Wednesday, October 25th, 2017

1

Lock, Stock, and Peril

Because digital security solutions have been so effective in protecting our online information, we've decided to use them to protect our homes as well. At least that's one way to read the news about a new Amazon service that lets couriers unlock your front door to deliver packages to the safety of your foyer. "The service is called Amazon Key, and it relies on a Amazon's new Cloud Cam and compatible smart lock. ... When a courier arrives with a package for in-home delivery, they scan the barcode, sending a request to Amazon's cloud. If everything checks out, the cloud grants permission by sending a message back to the camera, which starts recording. The courier then gets a prompt on their app, swipes the screen, and voilà, your door unlocks." Here's my alternate proposal: Amazon buys AirBNB and WeWork, and Prime members are given the option to live and work among their packages inside of an Amazon warehouse. (If a delivery person opens my door, even a crack, they better be prepared to drive away with three cats, a couple dogs, and most likely, an extra kid or two.)

2

Water Colors

"In this tangled network that delivers water to the vast majority of the region's residents, the Tribune found an upside-down world, one where people in the poorest communities pay more for a basic life necessity than those in the wealthiest." An investigation from the Chicago Tribune: Same Lake, Unequal Rates: Why our water rates are surging – and why black and poor suburbs pay more. "Consider Ford Heights, a cash-strapped, predominantly African-American suburb south of Chicago. People there pay nearly six times more for the same amount of water than residents of Highland Park, a wealthy, predominantly white town on the North Shore."

3

Strapped

"'What are you going to do with yours?' she asked the 12-year-old girl next to her, who was also wearing a bomb. 'I'm going to go off by myself and blow myself up,' the girl responded hopelessly." The NYT interviewed 18 girls who were captured by militants in Nigeria and sent into crowds to blow themselves up. Here are their stories. (The only thing more amazing than the evil of some human beings is the resilience of others.)

4

Dossier Do-si-do

On Tuesday, WaPo broke the news that the Clinton camp and DNC funded the team working on what became the famous Trump dossier. The dossier was funded by GOP Trump opponents during the primary and those payments were picked up by democrats during the general election. Thus, the main takeaway: It's good to be in the dossier business.

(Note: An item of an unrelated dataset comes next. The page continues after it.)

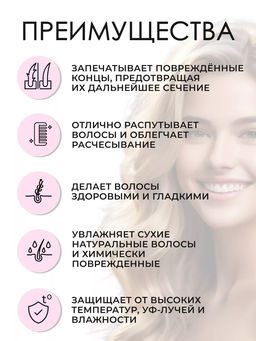 Крем-кондиционер для защиты волос EGO BOOST 237 мл Tigi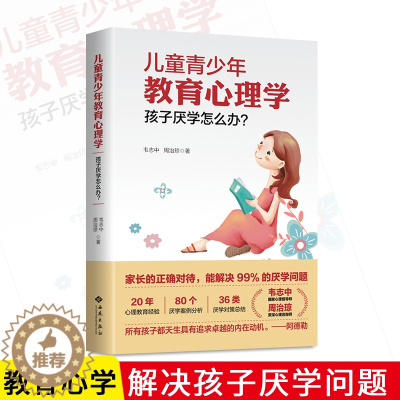 [醉染正版]儿童青少年教育心理学:孩子厌学怎么办? 儿童心理学书籍培养孩子学习的书情绪心理学心理学如何教育孩子家庭育儿书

+ The Atlantic: "In the final hours of Tuesday night, the Senate voted to nullify a rule that would've allowed customers of banks, credit-card companies, and other financial institutions to join together in class-action lawsuits if they felt they'd been wronged." (I must have missed this chapter in the book on populism.)

+ "Ultimately, he determined that any good such a martyrdom might yield would be outweighed by the grim realities of waging a doomed-to-fail campaign." McKay Coppins on The Tragedy of Jeff Flake.

+ Trump brushed off the historic same party attacks he received on Tuesday: "The meeting with Republican Senators yesterday, outside of Flake and Corker, was a love fest with standing ovations." (Unless any of those Republican Senators stands up and says otherwise, this is one case where you have to believe the president.)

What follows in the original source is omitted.